Directions for this task
When writing out the listing below, reproduce every word exactly and skip the pictures.

Material provided
+++

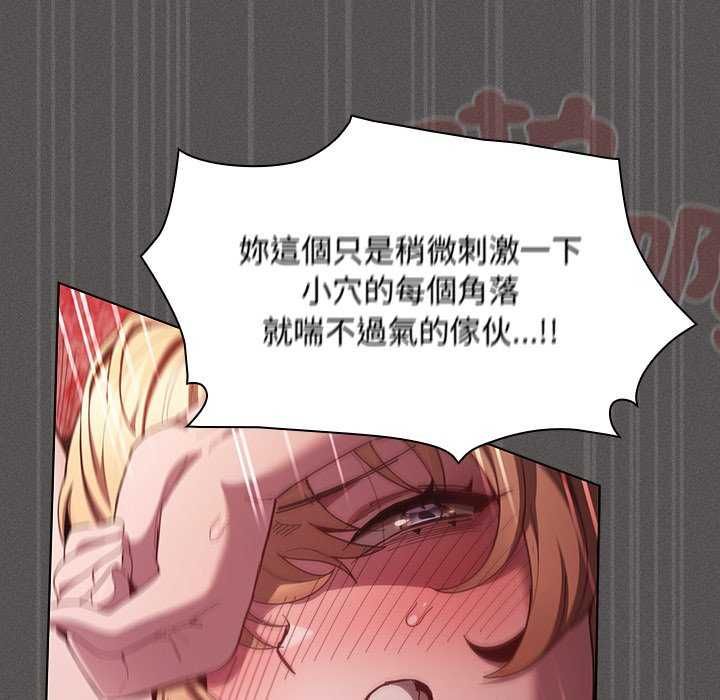 神聖陷阱第46話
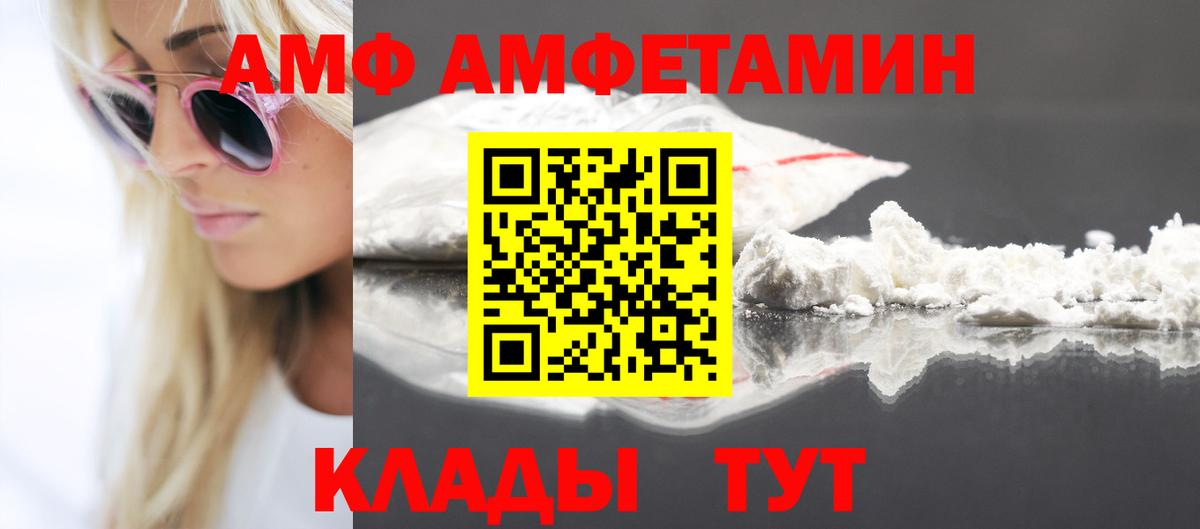 Изобильный  АМФ 98%  Amphetamine  Вход с VPN 
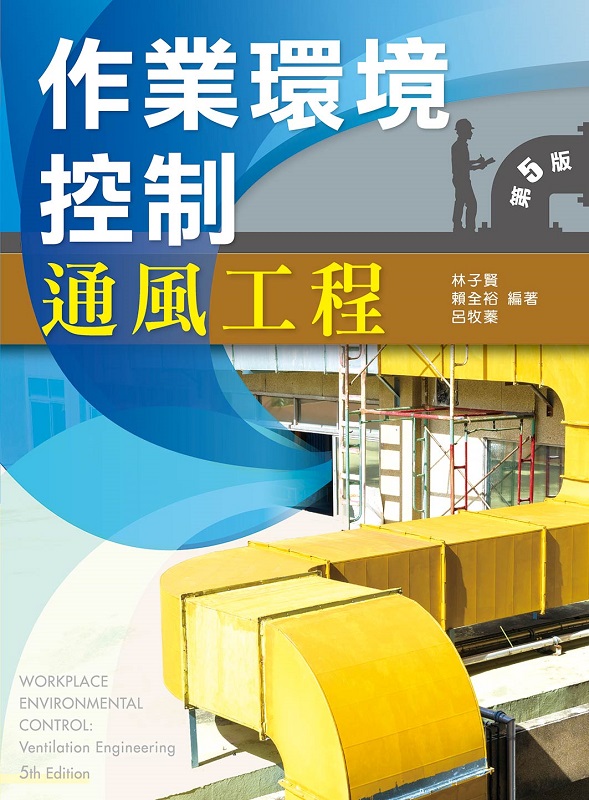 �@�~���ұ���G�q���u�{ �]�Ĥ����^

+++

Solution to this problem
 神聖陷阱第46話
 Изобильный  АМФ 98%  Amphetamine  Вход с VPN 
 �@�~���ұ���G�q���u�{ �]�Ĥ����^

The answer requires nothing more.